With this sparse information as a starting point, I began to imagine the lives of Lillian and D.W., beginning in 1933, when he took her back to his troubled homeland. He must have been sent to study in the U.S. by Chiang Kai Shek’s Nationalist Government and must have been extremely patriotic to return home instead of remaining safely in the United States.
In 1931, Japan had invaded the Chinese province of Manchuria. By 1932, Japan had conquered it, setting up a puppet government and was fighting the Chinese armies around Shanghai. In January 1933, Japan occupied the province of Jehol in North China. Thus, in the summer of 1933, D.W. and his new bride returned to a country at war with Japan from one end of the country to the other.
He worked on the Nationalist military’s Burma Road over the Himalayas, which was built 1937-1938. He helped construct airfields for the American Flying Tigers, when they arrived in 1941 to help the Nationalist Chinese against the Japanese. Apparently, Lillian was beside him all during this time, and then through to the end of the civil war in China in 1949, when the Nationalists were defeated by the Red Communists. Somehow, she and her husband managed to escape to Hong Kong, which was then still under British rule.
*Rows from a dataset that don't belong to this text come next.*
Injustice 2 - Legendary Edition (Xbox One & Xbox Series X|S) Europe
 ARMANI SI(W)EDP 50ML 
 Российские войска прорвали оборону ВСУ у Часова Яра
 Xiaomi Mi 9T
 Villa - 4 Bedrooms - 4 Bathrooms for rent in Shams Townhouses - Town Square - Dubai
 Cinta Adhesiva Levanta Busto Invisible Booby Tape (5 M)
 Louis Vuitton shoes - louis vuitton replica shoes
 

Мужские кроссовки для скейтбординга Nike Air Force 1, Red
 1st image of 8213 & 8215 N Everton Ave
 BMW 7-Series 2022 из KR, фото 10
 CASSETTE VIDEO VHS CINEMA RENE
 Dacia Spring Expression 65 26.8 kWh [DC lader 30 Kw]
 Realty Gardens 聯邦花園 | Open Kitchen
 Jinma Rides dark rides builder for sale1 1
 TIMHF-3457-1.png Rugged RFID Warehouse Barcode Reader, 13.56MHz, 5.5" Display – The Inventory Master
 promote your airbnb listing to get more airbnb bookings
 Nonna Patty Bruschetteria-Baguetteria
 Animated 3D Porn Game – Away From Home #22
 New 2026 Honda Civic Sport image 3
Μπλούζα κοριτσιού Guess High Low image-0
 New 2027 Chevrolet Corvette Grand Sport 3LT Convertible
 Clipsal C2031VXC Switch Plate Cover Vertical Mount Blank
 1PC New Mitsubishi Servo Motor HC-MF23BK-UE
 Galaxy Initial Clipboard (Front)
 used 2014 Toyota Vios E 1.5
The tales Lillian must have had to tell the elderly ladies in the rest home in Alhambra! They probably thought she had dementia and was making it all up. I imagine myself sitting and listening to her, as she recounted to her friends in the home the remarkable events that she had witnessed in China during the first decade-and-a-half of her marriage.
D.W. passed away at the age of ninety-eight, after more than fifty years of living with Lillian. When Lillian died in 2018, she was survived by two children, six grandchildren and one great-grandson. I try to imagine what it was like for her as a young mother to be raising two children, which I assume were born in China, in the midst of the brutal warfare between the Nationalist armies and the Japanese armies, and then Mao’s Communist armies. Later, she and her family’s escape to Hong Kong in 1949, when the Communists defeated the Nationalists, must have been harrowing, to say the least.
All of which would make for an incredible novel! Lillian must have loved her husband very very deeply, to remain with him in China—while caring for their children—in the midst of the unbelievable horrors of war. A true romance!
As I said, OBITUARY NOTICES, brief as they are, can indeed provide inspiration for a novelist who has a good imagination, which I hope I have.